Dopo
quelle dei soldati caduti nel corso della prima guerra mondiale, non
vi è traccia nel cimitero di via Costalunga di altre lapidi datate
fino al 1935; a tale anno risale una tomba a doppio cippo in pietra
rosata che riporta questo testo:
Qui
giace Ihsan Kemal Bey da Cipro, andando in Svizzera per curarsi morì
sul traghetto”[1].
Si tratta di un giovane cipriota che si trovava a passare da queste
parti nel suo viaggio, purtroppo vano, verso la guarigione.
(1)Traduzione
dal turco di Cevdet Anik.
Dietro
un’altra lapide si cela la storia di Abdullah Mehmet, detto Meto;
la famiglia era originaria della Turchia.

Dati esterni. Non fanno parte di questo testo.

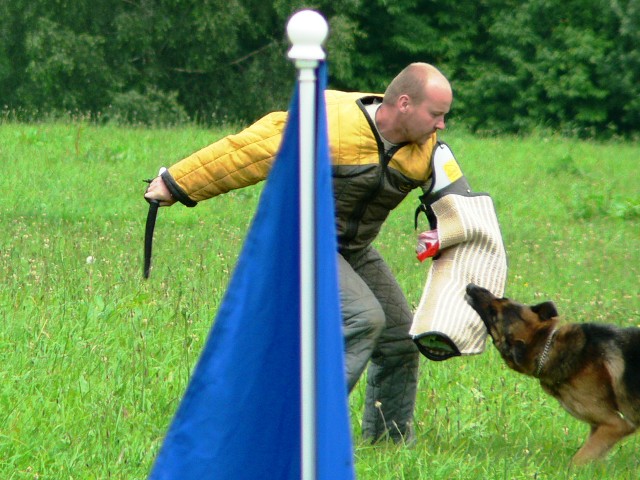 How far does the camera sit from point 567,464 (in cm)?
476

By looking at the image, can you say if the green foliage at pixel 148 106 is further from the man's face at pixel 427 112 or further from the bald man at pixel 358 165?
the man's face at pixel 427 112

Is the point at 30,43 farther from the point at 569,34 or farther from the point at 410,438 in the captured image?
the point at 410,438

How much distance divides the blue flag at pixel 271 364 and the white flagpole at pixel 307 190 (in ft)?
0.05

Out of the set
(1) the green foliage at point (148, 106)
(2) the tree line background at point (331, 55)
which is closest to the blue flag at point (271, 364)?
(1) the green foliage at point (148, 106)

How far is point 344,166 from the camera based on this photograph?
434cm

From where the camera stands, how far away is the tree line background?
29828 mm

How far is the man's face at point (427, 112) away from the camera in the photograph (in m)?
4.26

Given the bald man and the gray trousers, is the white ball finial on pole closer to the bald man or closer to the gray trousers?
the bald man

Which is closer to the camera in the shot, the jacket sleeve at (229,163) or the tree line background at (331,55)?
the jacket sleeve at (229,163)

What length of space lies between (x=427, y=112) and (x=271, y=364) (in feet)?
7.49

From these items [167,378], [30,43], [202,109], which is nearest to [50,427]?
[167,378]

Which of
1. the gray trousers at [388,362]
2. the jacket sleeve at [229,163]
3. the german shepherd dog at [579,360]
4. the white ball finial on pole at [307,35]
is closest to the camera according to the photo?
the white ball finial on pole at [307,35]

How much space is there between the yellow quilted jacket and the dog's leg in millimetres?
1501

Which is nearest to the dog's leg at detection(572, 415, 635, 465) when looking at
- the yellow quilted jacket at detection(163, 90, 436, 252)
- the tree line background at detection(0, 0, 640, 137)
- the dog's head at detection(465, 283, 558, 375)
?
the dog's head at detection(465, 283, 558, 375) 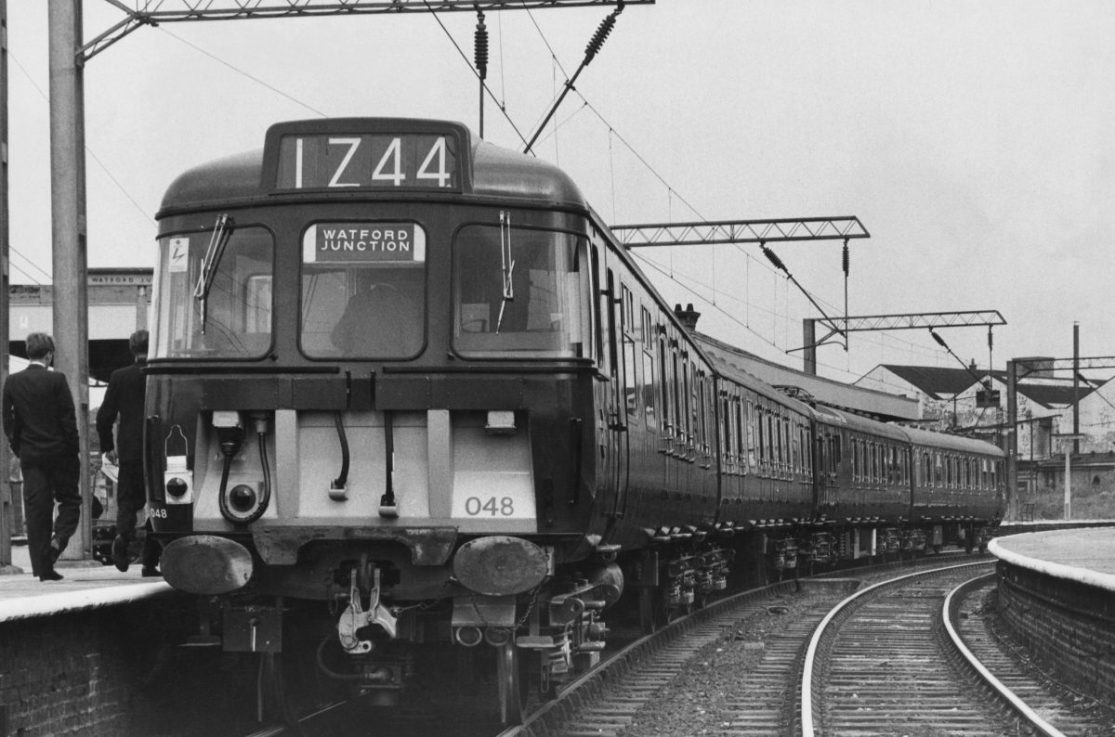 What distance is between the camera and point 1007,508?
2164 inches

Giunto a Trieste (1) a
circa vent’anni di età nel 1910, dopo qualche anno aprì un bar in
Piazza Cavana, nella città vecchia, che divenne luogo di riunione
per i musulmani presenti in città, in maggioranza provenienti da
Sarajevo, e per i turchi che vi arrivavano in nave: un locale che
rappresentava, insomma, una sorta di erede del vecchio Caffè
Orientale. Dopo la seconda guerra mondiale lavorò come impiegato al
consolato turco e divenne, in seguito, custode del cimitero dove
risiedeva, assieme alla compagna, non musulmana, in un’apposita
stanzetta all’interno dell’edificio esistente. I due riposano
assieme nello stesso sepolcro, grazie all’autorizzazione concessa
dal console turco: vista la situazione giuridica e religiosa della
signora, fu necessario richiedere un permesso. Questo episodio
costituisce un’eccezione alle rigide norme sulla sepoltura esposte
in precedenza e suggerisce l’immagine di una realtà locale
abituata alle commistioni, qual è infatti, da secoli, quella
triestina.
(1)
Intervista alla sig.ra Claudia Cozzi, conoscente di alcuni defunti
sepolti nel cimitero ottomano.
Tra
le tombe più recenti, quella di Ahmed Mešinović spicca per
bellezza: adornata da un cespuglio di rose, a due cippi, uno alto
sormontato da un fez (1) in corrispondenza della testa e con
un’iscrizione in arabo, uno basso in corrispondenza dei piedi con
un’iscrizione in bosniaco. Su entrambi, l’epiteto di hadži
accompagna il nome, a significare che Ahmed aveva compiuto il
pellegrinaggio alla Mecca. Come per le lapidi ottomane
dell’Ottocento, è stata mantenuta la tradizione di un’iscrizione
che inizia con un’invocazione a Dio e una supplica per il defunto.
(1)
Le tombe col fez sono di origine recente; in Bosnia cominciarono a
diffondersi dopo il 1832 in seguito all’introduzione di riforme
militari. I fez appaiono sulle tombe dei militari, spesso assieme ad
ornamenti. Meho Čaušević, Umjetnost
bašluka,
“Most”, anno XXXI, n. 195, Mostar (Bosnia Erzegovina), febbraio
2006 (versione on-line) in www.most.ba.